* Exercise details: An exact reproduction of the listing is wanted, with the pictures dropped.

* Dataset content:
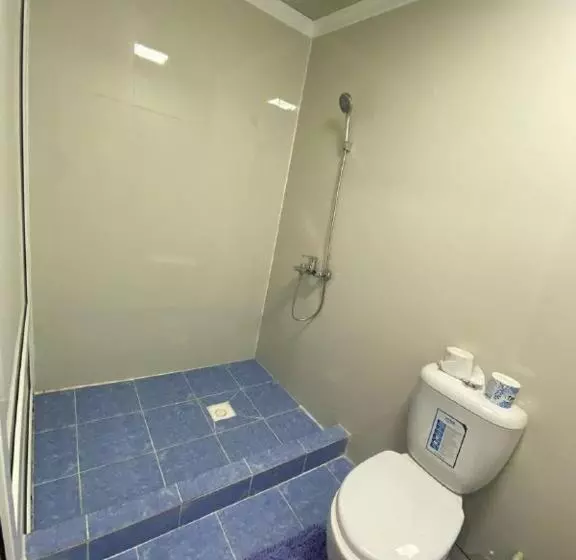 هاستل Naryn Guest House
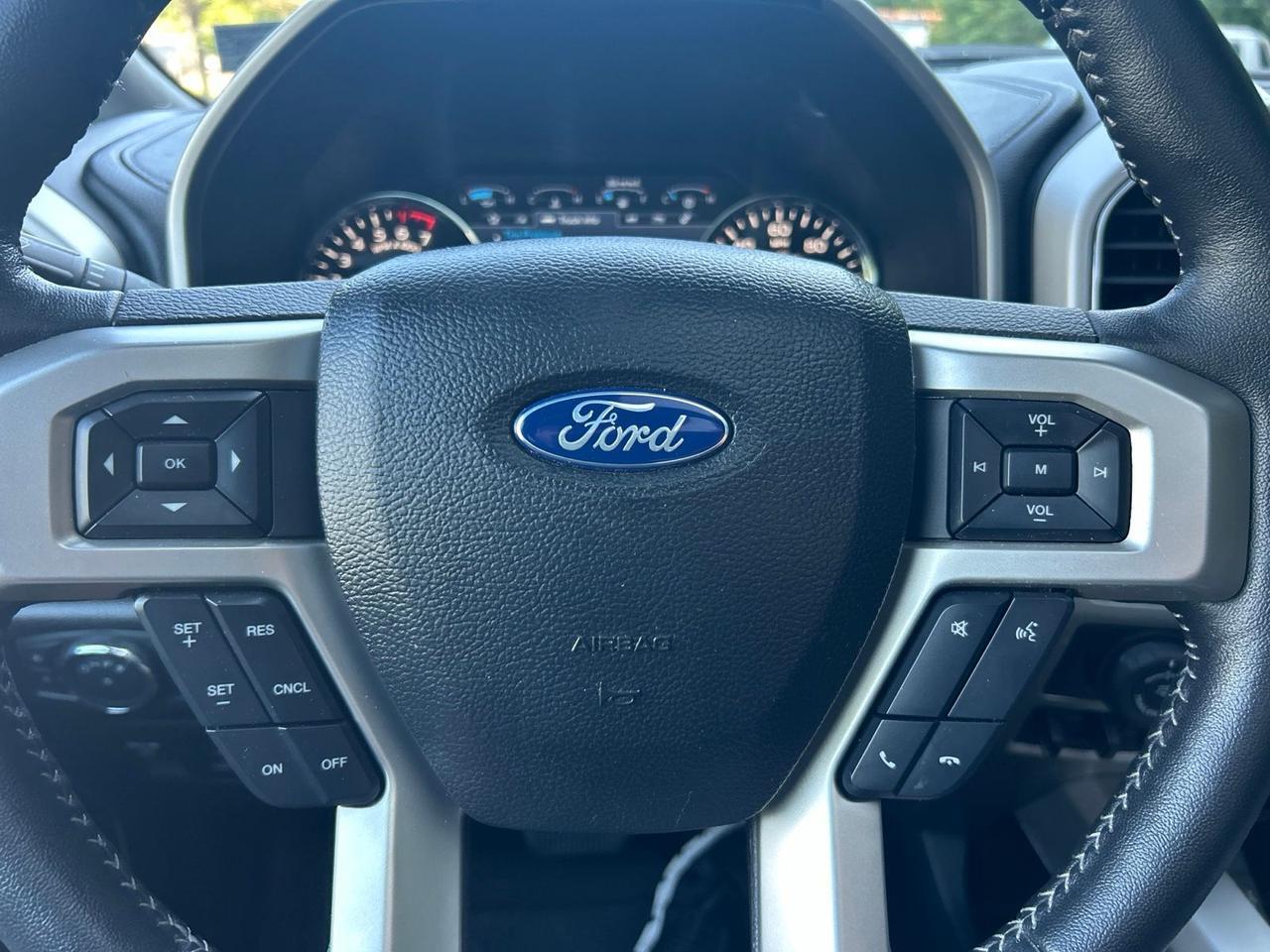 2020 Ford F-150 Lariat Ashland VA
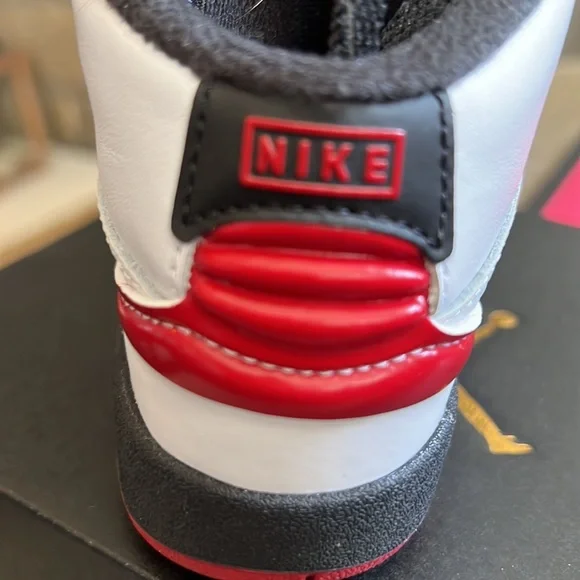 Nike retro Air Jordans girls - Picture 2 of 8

* Output for this exercise:
 هاستل Naryn Guest House
 2020 Ford F-150 Lariat Ashland VA
 Nike retro Air Jordans girls - Picture 2 of 8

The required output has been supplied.